**Your task**
Could you set down only the lines from the one including "Стандарт MAX 90" to the end of the records below, inclusive and exact, leaving pictures out?

**Source material**
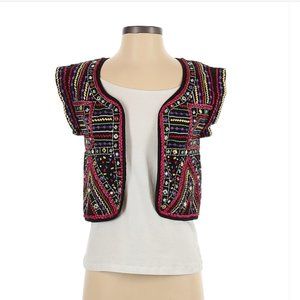 Ladakh Cropped Embroidered Boho Vest - Sz. 0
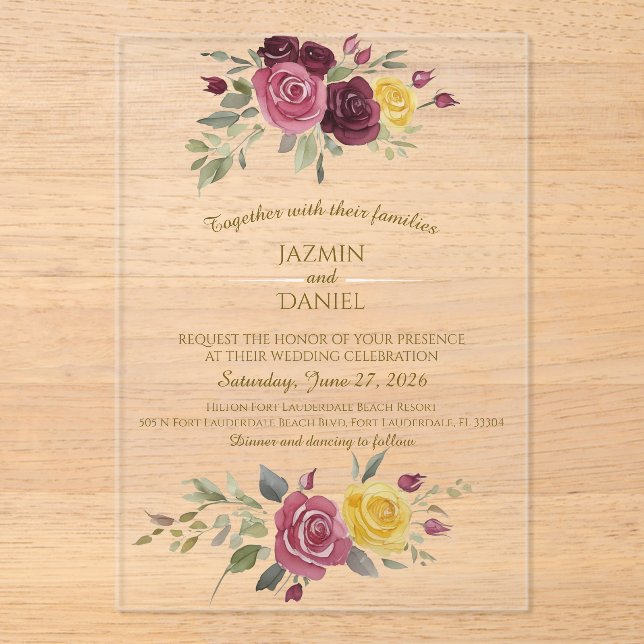 Dusky Pastel Watercolor Roses Gold Acrylic Invitations (Front)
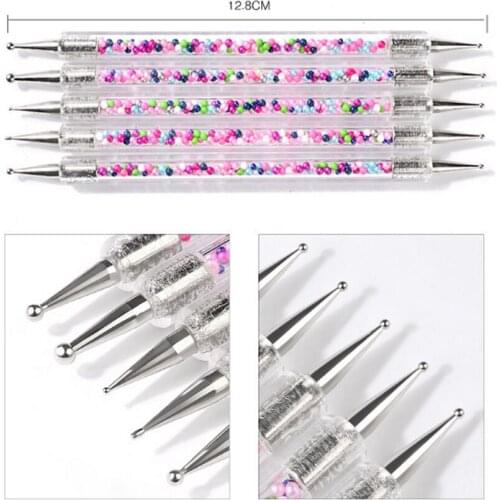 200sets 5pcs/set UV Gel Painting Drawing Nail Dot Point Dotting Pen Acrylic Caviar 2 Way Brush Manicure Tools new fashion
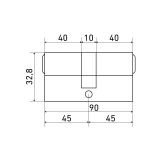 Стандарт MAX 90 (45х45) SB 5кл мат.золото перф.ключ/ключ Цилиндровый механизм (80,10)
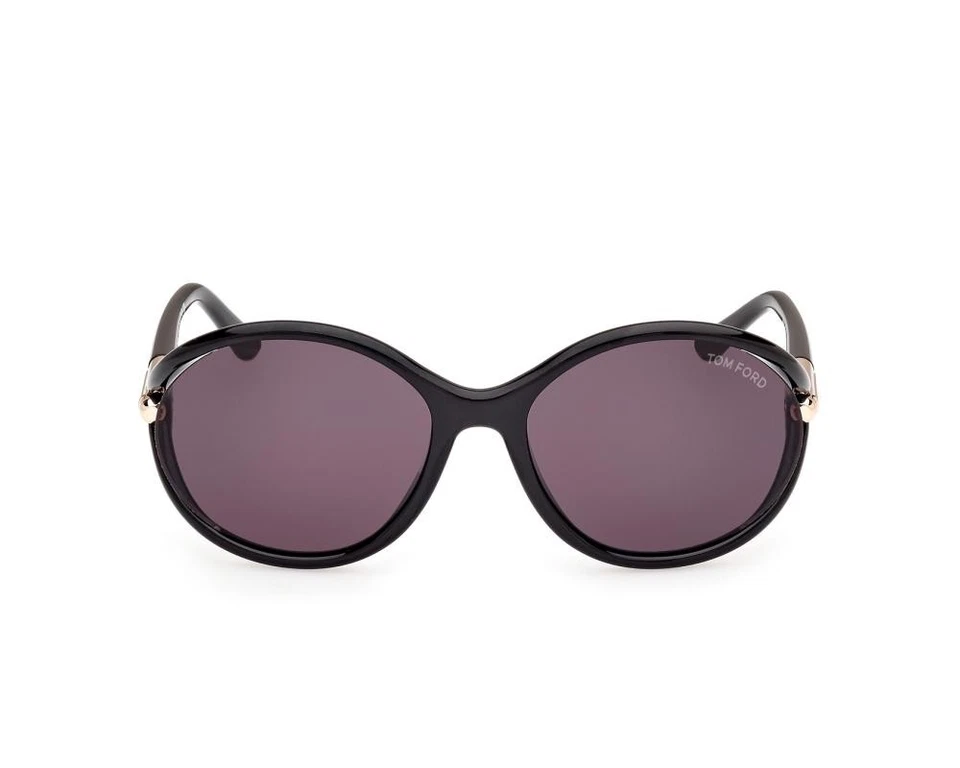 Gafas de sol Tom Ford FT 1090 01A brillantes negras de plástico ovaladas lentes de humo Foto 2 de 3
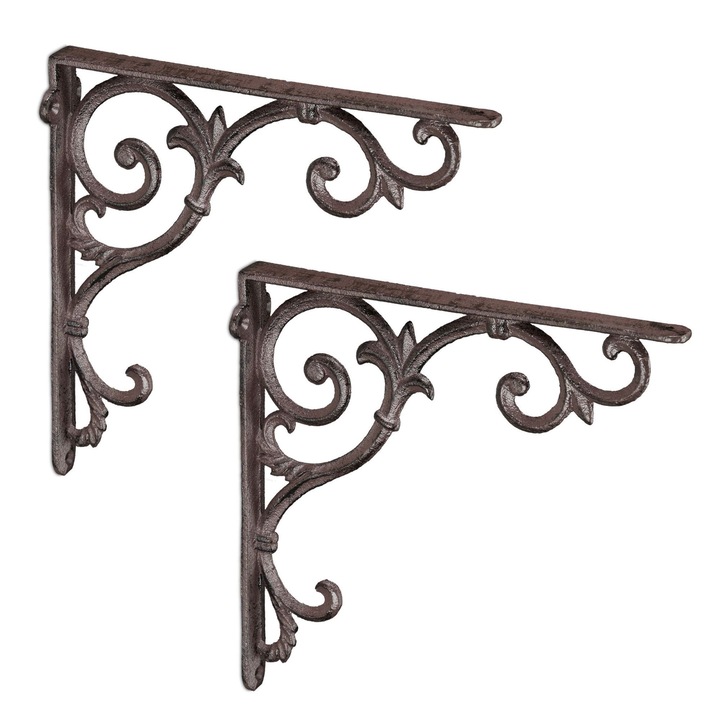 Set suporturi pentru raft Northio, fonta, rustic antic, 2 bucăți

**Solution**
 Стандарт MAX 90 (45х45) SB 5кл мат.золото перф.ключ/ключ Цилиндровый механизм (80,10)
 Gafas de sol Tom Ford FT 1090 01A brillantes negras de plástico ovaladas lentes de humo Foto 2 de 3
 Set suporturi pentru raft Northio, fonta, rustic antic, 2 bucăți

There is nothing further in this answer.